Black Pantene Commercials: Is that real hair?

I just saw one of the Pantene Relaxed and Natural commercials (the one where the lead has like a thousand ringlets and they are having a “picnic” or something) and I’m asking the question…is that the lead model’s real hair? Sure, sure I know they use fake hair in all kinds of hair care product commercials for all races. I mean…I’ve seen very few women who have hair the reflects light like a mirror. However, when it comes to black women, I’d love to know if that’s a wig, half a head of weave, a few pieces for fullness…what??

One or two times I’ve seen that Pantene tries to be true to the natural in the title of their products, relaxed and natural. I’ve seen older models with very short hair cuts and models with kinky weaves. However, I’m a black woman who loves hair…I know a weave when I see one. I may not know the number of bags of hair or the color (1B is my fave when it comes to braid hair), but I know about texture and sheen. Nothing says weave like you real permed hair being kinda lack luster or dry and your weave being “just permed” shiny.

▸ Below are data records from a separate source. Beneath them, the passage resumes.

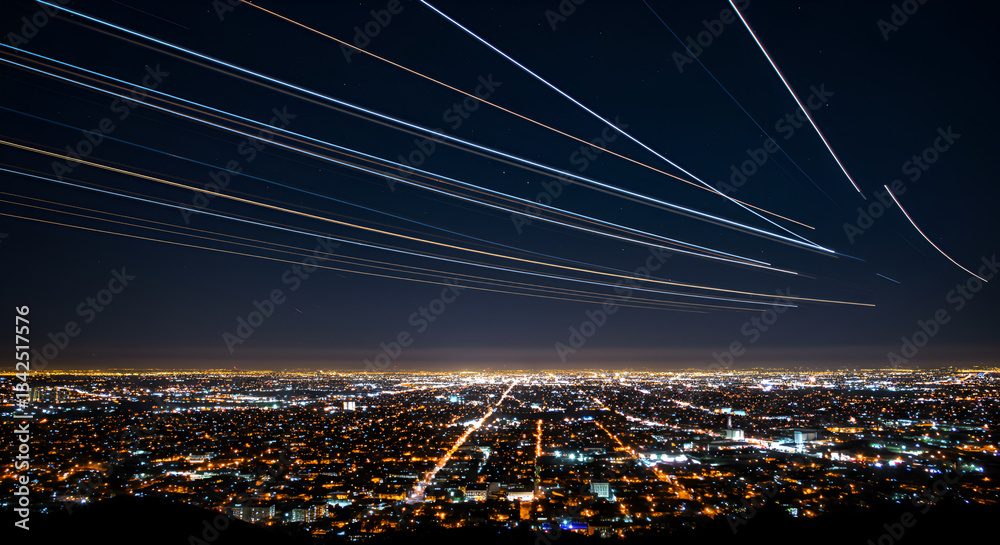 Obraz premium Dynamic motion meets urban beauty—a stunning capture of an aircraft’s light trails intertwined with the city’s sparkling night,landscape, aerodrome, night scene, city skyline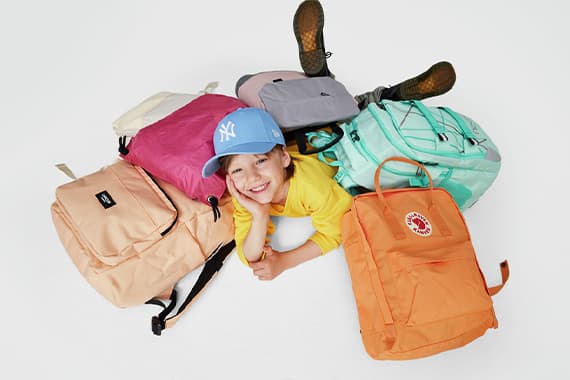 Kind mit blauer Kappe liegt lachend zwischen bunten Rucksäcken auf dem Boden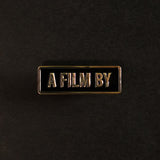 A Film by Credit Enamel Pin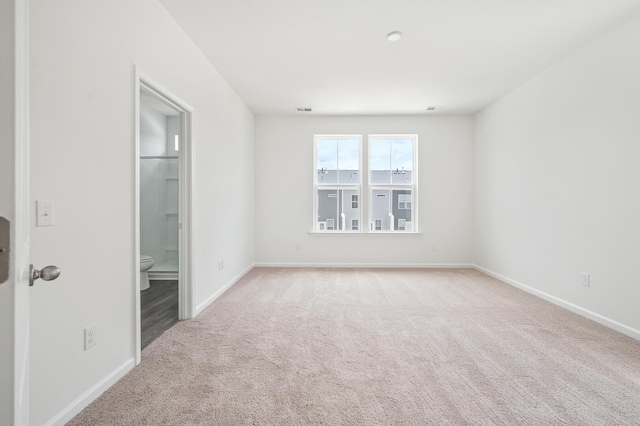 spare room with light colored carpet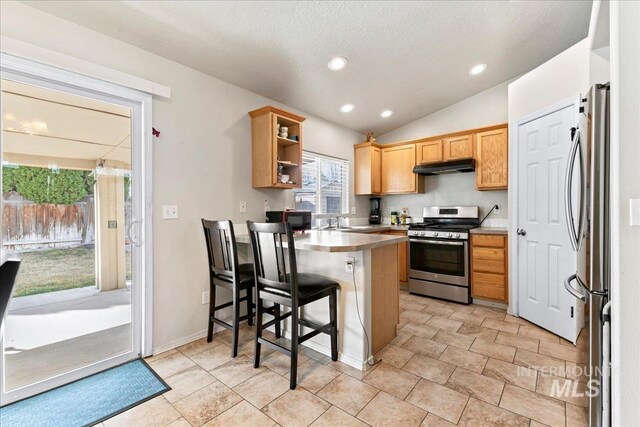 kitchen featuring under cabinet range hood, open shelves, a sink, appliances with stainless steel finishes, and a peninsula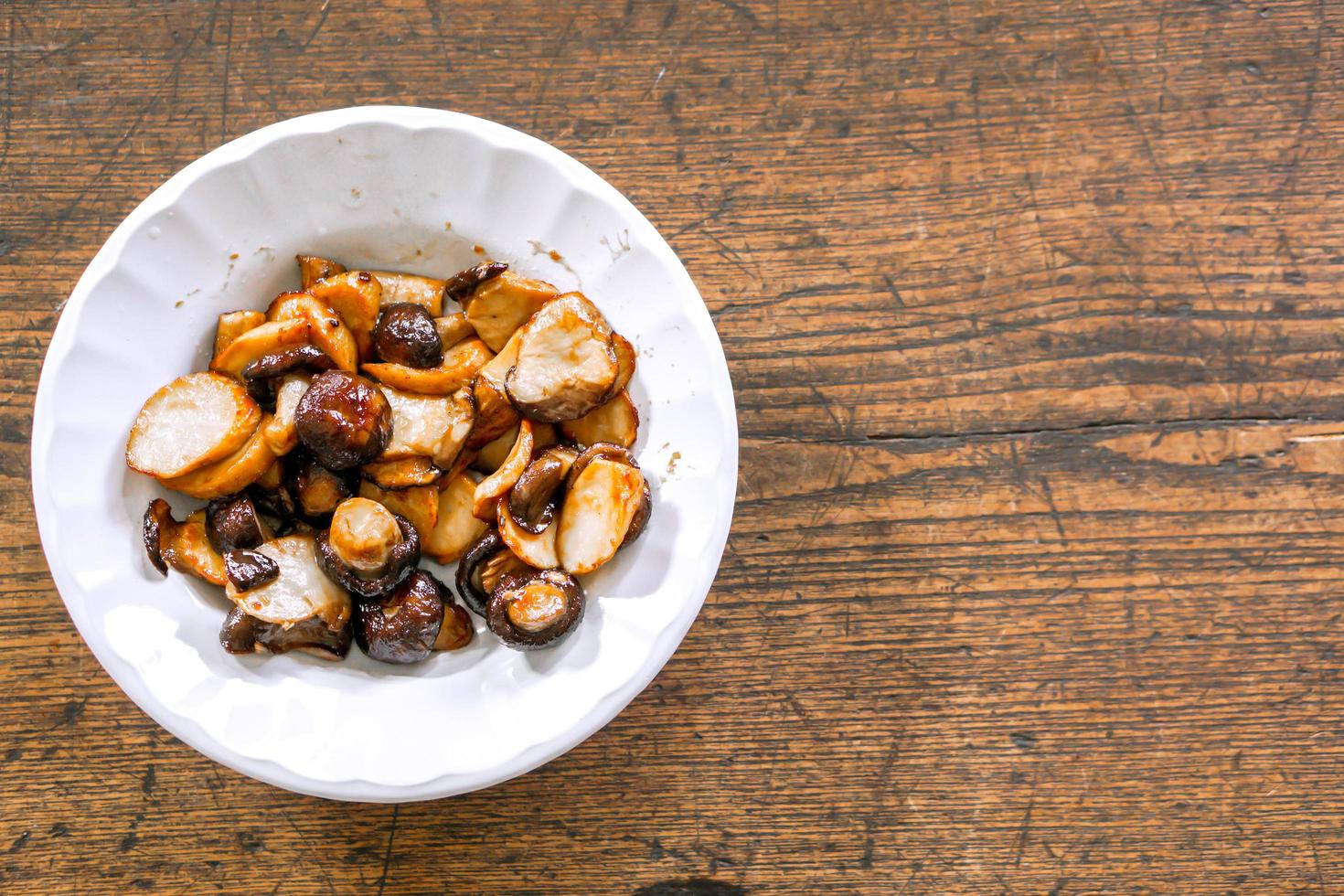 champiñones shiitake frescos salteados con salsa de soja al estilo chino sobre plato de cerámica blanca y fondo de madera. una comida vegetariana en el festival vegetariano chino. foto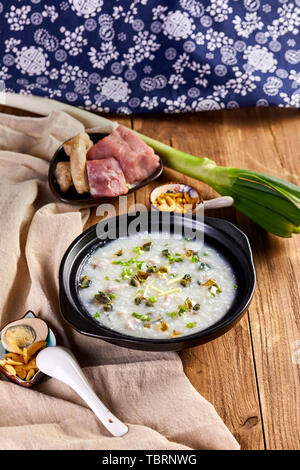 Leather egg lean meat porridge porridge breakfast wooden table food photography picture Stock Photo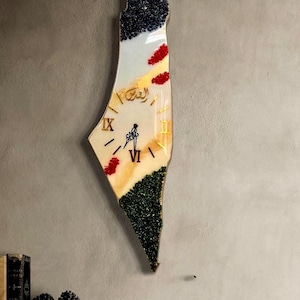 Op de afbeelding: Een klok in de vorm van de omtrek van Palestina met een witte wijzerplaat en gouden Romeinse cijfers. De klok is versierd met blauwe, groene en rode glitter. Het Arabische woord voor "Palestina" staat in goud op de wijzerplaat van de klok.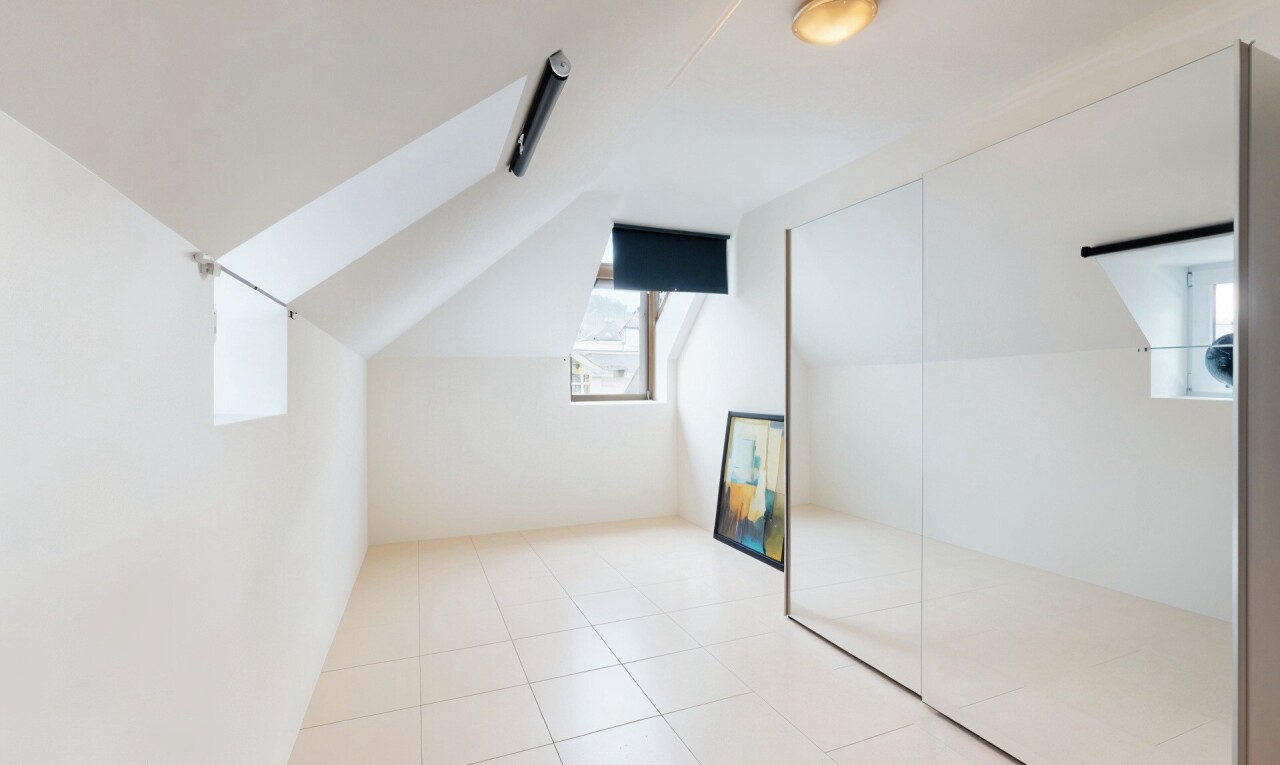 pièce vide avec natural light, lumière naturelle, vaulted ceiling, plafond voûté, et tile floor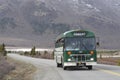 A green bus on a road in Denali National Park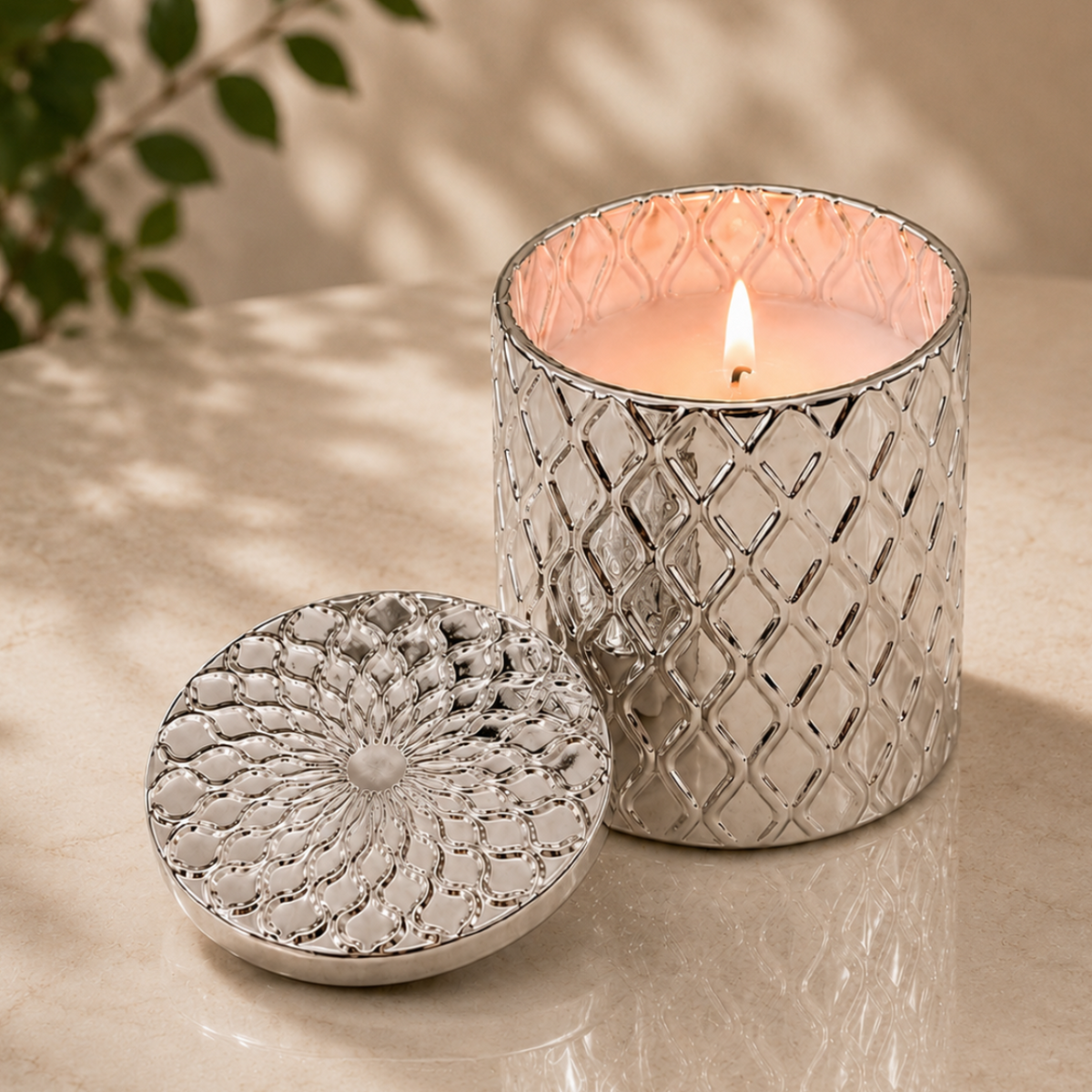 A silver textured candle jar with a matching lid sits on a light stone surface beside a lit candle. The scene is softly lit with leaf shadows, and a blurred plant is visible in the background.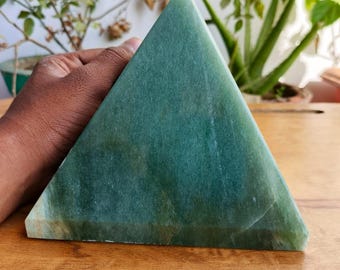May include: A solid, green pyramid-shaped stone with a smooth surface. The pyramid is held by a hand and sits on a wooden surface. The stone has variations in color, with lighter and darker green hues.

I’d be interested to know any black women out there like the line. I’ve read a few bad reviews. Hair care products can be a very particular thing when it comes to black women. My mom used the same comb for years and years, and would be pissed when it got misplaced. I’ve talked to sisters about perm strengths and hot oil treatments vs. cream conditioning treatments. The opinions abound in hairland. I think Pantene just wants a piece of the black hair market pie…and that’s a huge pie. I’m not mad at them.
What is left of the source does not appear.